Why your BVH choice determines rays-per-second

The BVH is the single most important acceleration structure for ray tracing: it decides which triangles a ray must test and therefore sets the baseline memory traffic and intersection work per ray. A high-quality BVH reduces node visits and slows down traversal far less than a cheap-but-poor tree, so rays-per-second is effectively the product of traversal efficiency and memory bandwidth behavior.
Builders fall on a spectrum: algorithms that minimize build time (e.g., Morton/LBVH) tend to produce worse SAH cost and therefore more traversal work; the best-SA H methods minimize traversal work but cost more to build. Lauterbach et al. measured LBVH builds as more than an order of magnitude faster than full SAH builds, yet reported traversal slowdowns up to ~85% in pathological cases — a real trade-off you must measure against your frame budget.
Measure what matters: report both the per-frame BVH build time (ms) and rays-per-second for the same scene/seed. If the build steals more than your frame slack (e.g., >4 ms on a 16.6 ms frame budget), you must move to faster builds or background/partial updates. Industry-grade toolchains (Embree / OptiX / Vulkan/DXR) expose builders and update modes precisely so you can tune this trade.
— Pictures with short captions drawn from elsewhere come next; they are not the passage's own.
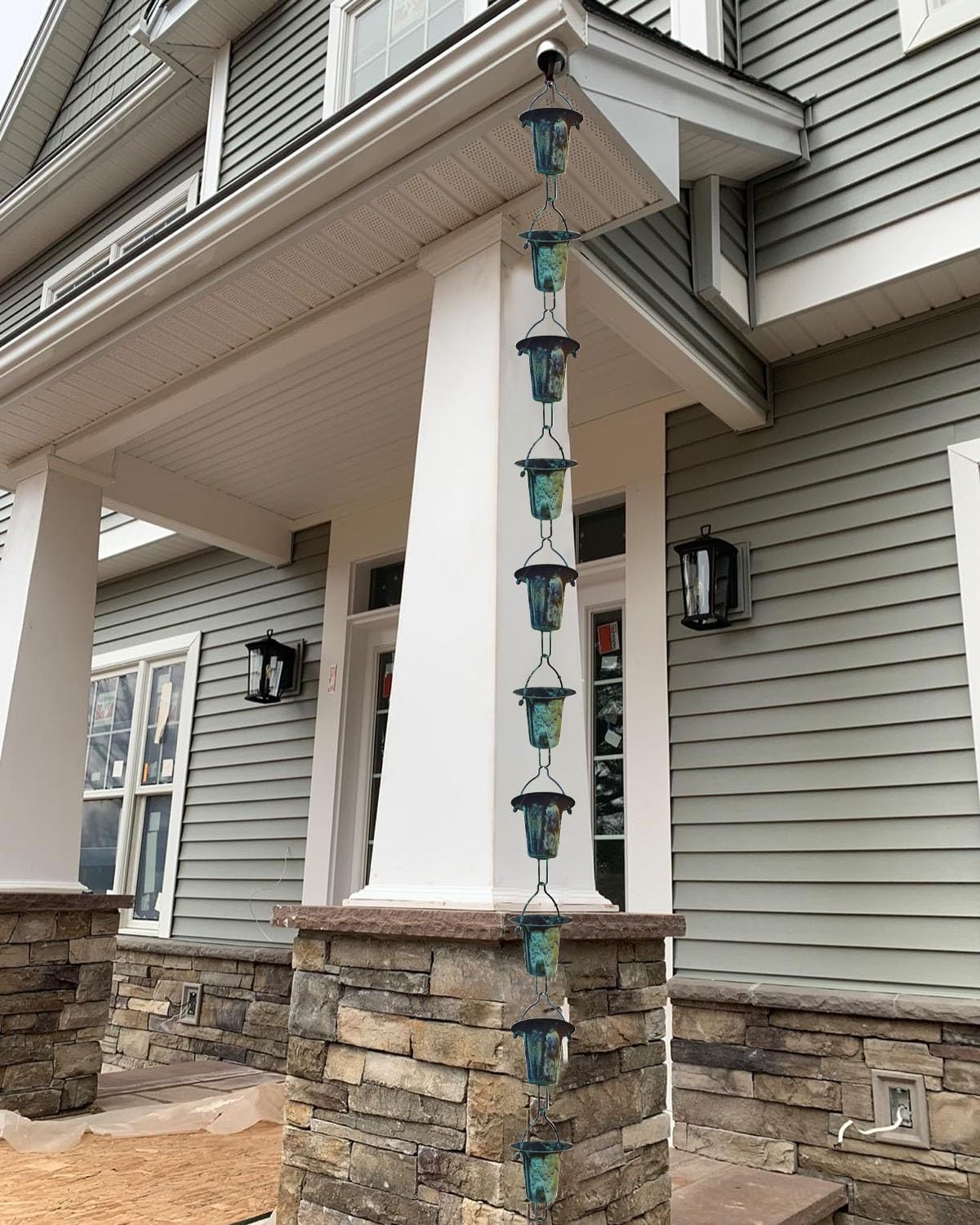 YNBSHGAA Heavy Duty Rain Chain with Bells Cups, Adjustable Extra Long Replacement for Downspout Roof, Enhances Water Drainage Without Gutter,Style3-1.6m (5.25ft)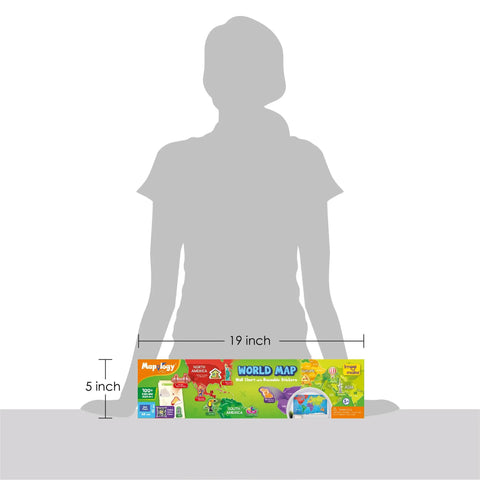 Package of Mapology World Map With Reusable Stickers For Kids Ages Five To Twelve Hands On Interactive Wall Map Learning Game, 19x5 inches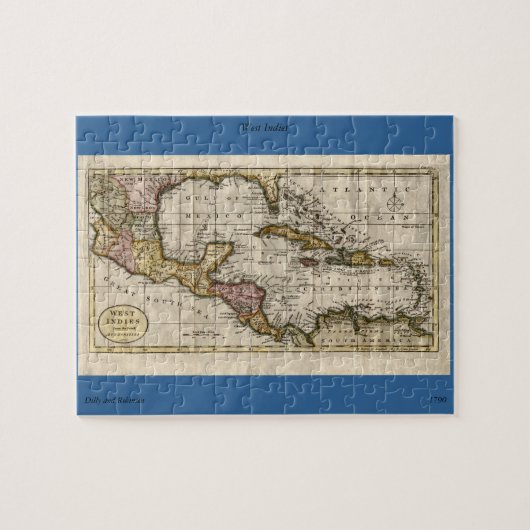 1790 Map of The West Indies by Dilly and Robinson Legpuzzel (Horizontaal)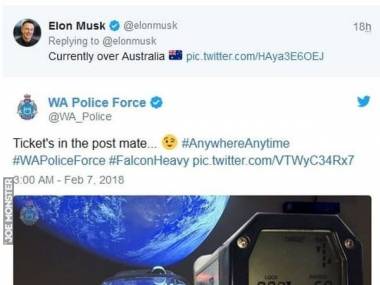 Przelatując nad Australią kosmiczny wehikuł Muska dostał mandat za prędkość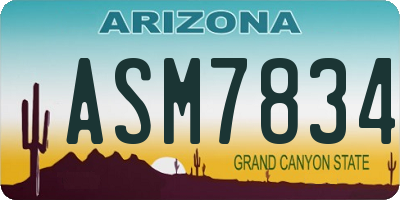 AZ license plate ASM7834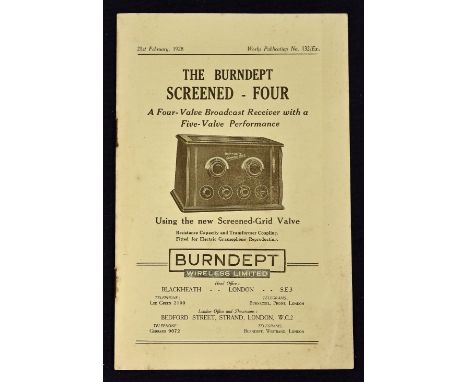 The Burndept Four-Valve Broadcast Receiver 1928 Sales Catalogue - A 14 page sales catalogue illustrating and detailing this e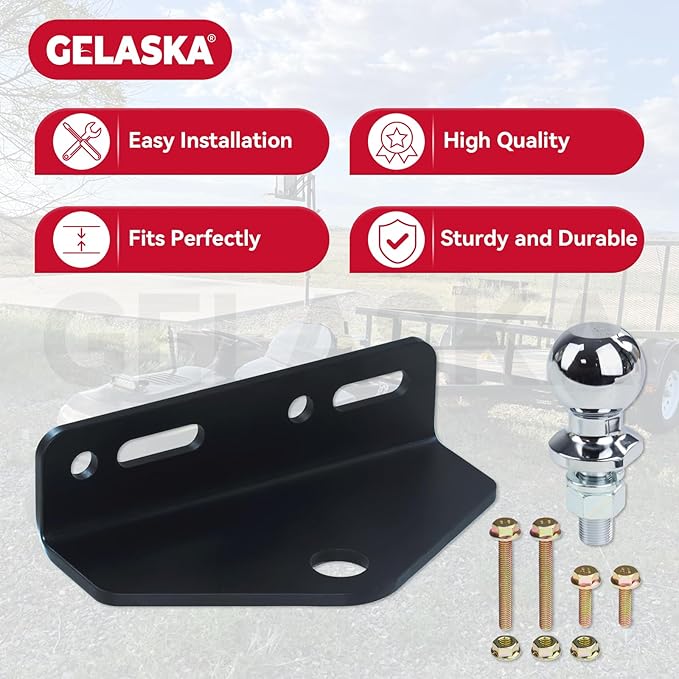 GELASKA Lawn Mower Hitch Kit with Chrome Trailer Hitch Ball, 3/4 x 2 inch Hitch Ball, Garden Tractor Pro Hi Hitch, Garden Tractor Pro Hi Hitch with Mounting Kit and Tool Kit (4 Carriage Bolt, 3 Nuts)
Important: The single-number metric to optimize is effective rays-per-second under the exact workload you will run in production (same ray lengths, distribution, SPP, and dynamic behavior). Architect the BVH to maximize that metric, not to minimize build time in isolation.

How LBVH and HLBVH convert sorting into lightning-fast builds

What LBVH does in plain engineering terms:

Compute a representative point per primitive (usually triangle centroid).
Quantize coordinates and compute a Morton code for each point.
Radix-sort the primitives by Morton key (this is the heavy-lifting but embarrassingly parallel on GPU).
Build a binary/radix tree by grouping consecutive Morton-sorted ranges into nodes — this reduces build to sorting plus local scans. The algorithm exposes massive parallelism and maps neatly to radix sort primitives (Thrust/CUB) and parallel scans.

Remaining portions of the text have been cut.